### PROVIDED INFORMATION
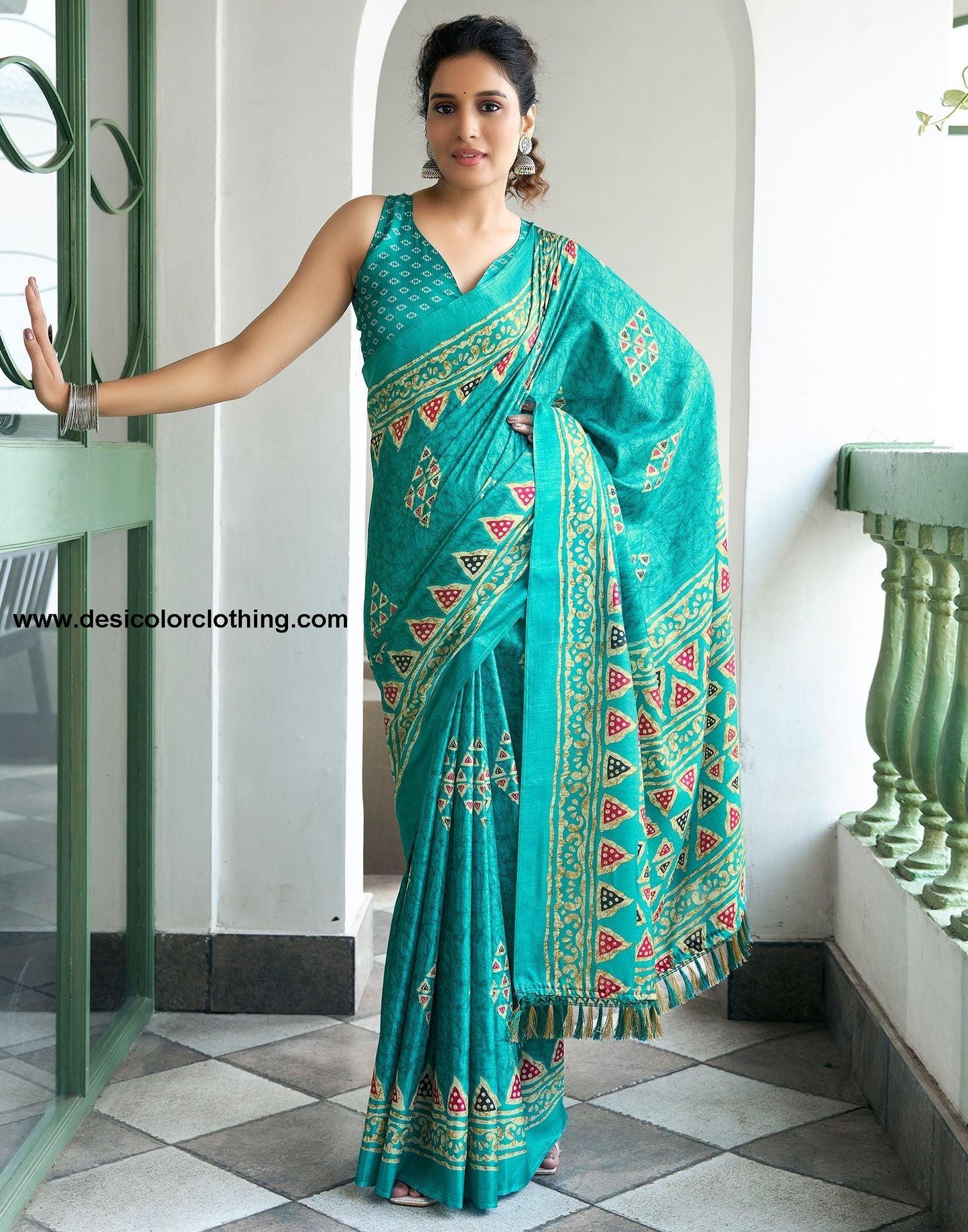 Turquois Printed Silk Saree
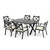 7-Piece Black Aluminum Outdoor Furniture Patio Expandable Dining Set - Ivory Cushions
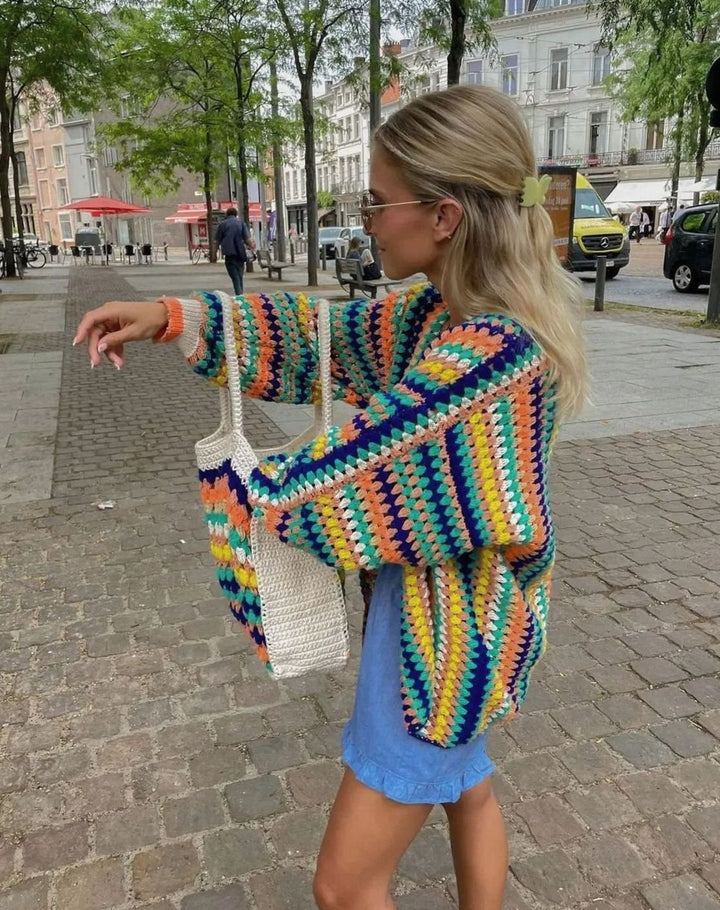 Women's Boho Crochet Oversized Knit Cardigan Open Front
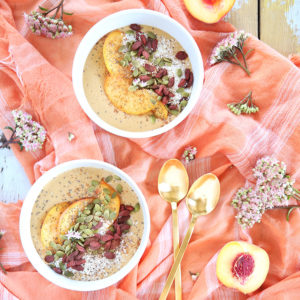 Superfood Peach Pie Smoothie Bowls // JustineCelina.com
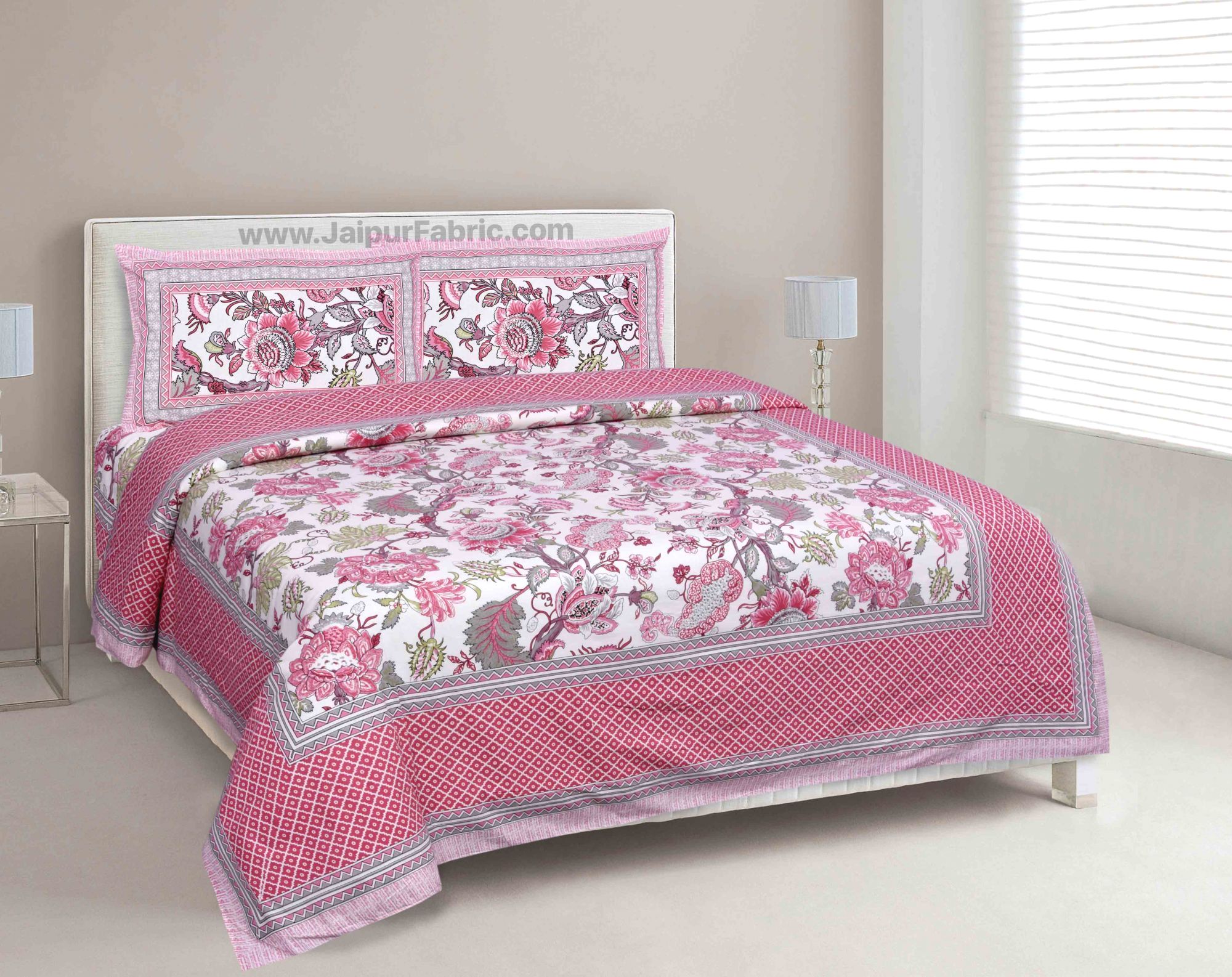 Combo372 Bed in a Bag Pink Floral  1 Dohar + 1 Double BedSheet + 2 Pillow Covers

### INSTRUCTIONS FOR THE TASK
No pictures go in the copy. Set down all the data exactly.

### THE ANSWER
 Turquois Printed Silk Saree
 7-Piece Black Aluminum Outdoor Furniture Patio Expandable Dining Set - Ivory Cushions
 Women's Boho Crochet Oversized Knit Cardigan Open Front
 Superfood Peach Pie Smoothie Bowls // JustineCelina.com
 Combo372 Bed in a Bag Pink Floral  1 Dohar + 1 Double BedSheet + 2 Pillow Covers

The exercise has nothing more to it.